I felt very awkward going to my OB appointment knowing that place is for women who are pregnant. My eyes were very puffy, my make-up is gone and it is obvious I have been crying. I felt embarrassed because I didn’t know how to react or what to say so we signed in and sat down. I felt like I had been kicked out of this club and I was in the very place that I no longer belonged anymore. It is amazing how instant that feeling kicked in. that morning I was part of this pregnancy club. I had a due date, I had a future planned. Then by afternoon I had nothing to do with pregnancy, it was taken from me and all these other women carried on with babies and I didn’t. All these thoughts are running through my head as I sat in the waiting room. Kevin and I weren’t talking, we just held hands. I was all cried out and felt numb.
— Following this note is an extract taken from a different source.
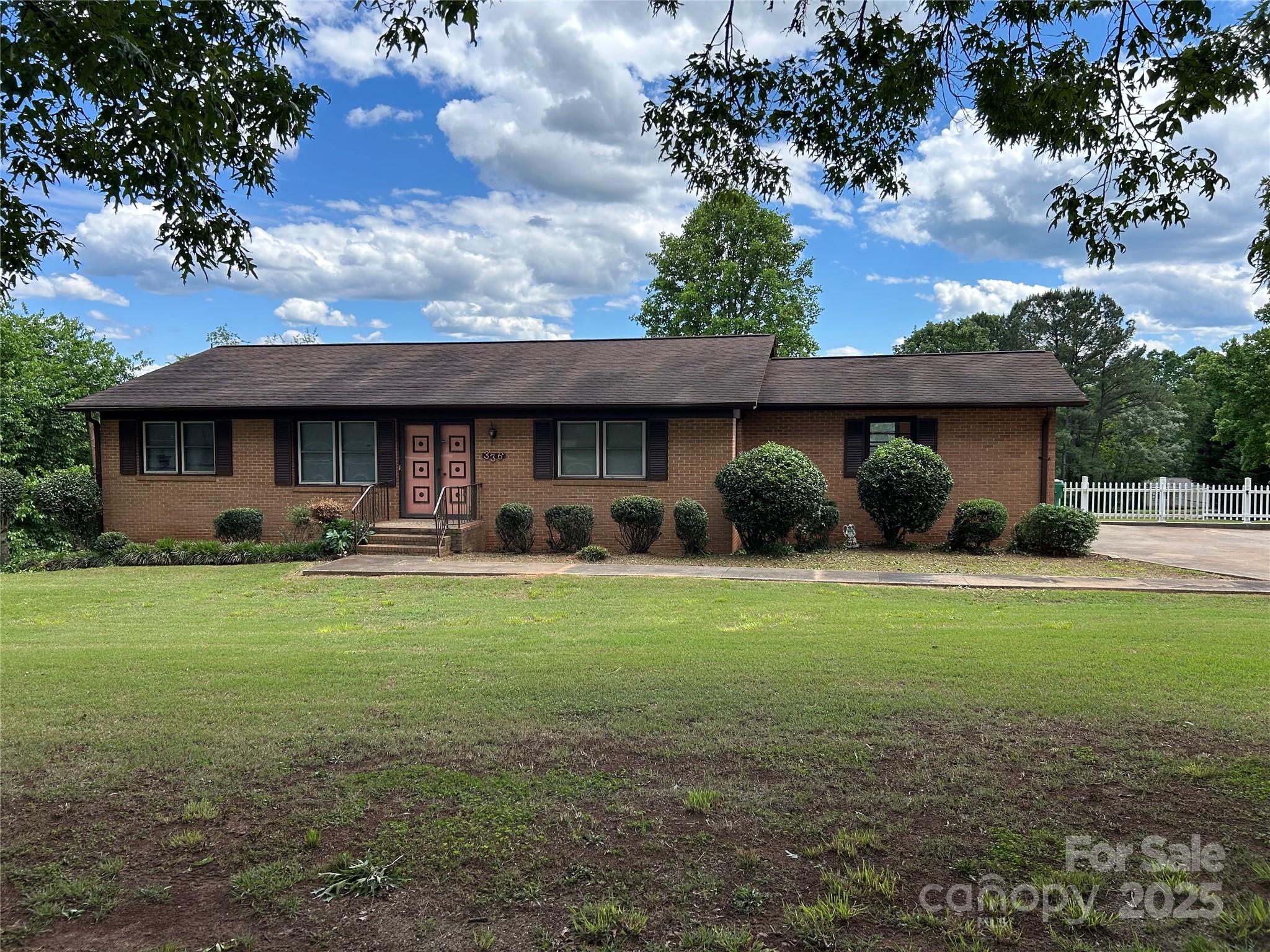 336 Bridges Road Property Photo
Finally, they call us back and we enter the patient room where we again sit and wait. I remember Kevin and I wondering what was going to happen. I didn’t know the process of how this would work. My thoughts were that they would perform a D&C and they would clean me out. A little thought in my head was “I wonder if they would let me see the baby, it would be interesting to see the baby” I wonder if I would have to ask or fight for it. I was 22 weeks pregnant and because it was my first pregnancy and I was so sick it was hard for me to grasp the reality of what just happened. I wondered if they would just consider it a “miscarriage”. I hate saying that word, but I didn’t know if they would consider me or my baby as anything special or of value.

The Doctor finally entered and she gave me a warm hug, said she cried when she found out and gave her condolences. She then went on to inform me that I would need to deliver the baby. She suggested I be induced as soon as possible. The other option was for me to wait for my body to go naturally into labor. The drawbacks to that were I may not have the special attention and proper staff ready and waiting for me at the hospital and it may be more of a traumatizing experience. Scheduling an induction ensures the hospital would know my situation and prep accordingly. I chose to be induced that weekend as I needed a few days to process what has happened and figure out what we would do with the body (after 20 weeks the body is the parent’s responsibility, our choices included burying or cremating her, or we could give permission for the hospital staff to take care of her ) and it would get me time to get some moral support out as all my family lives in Utah.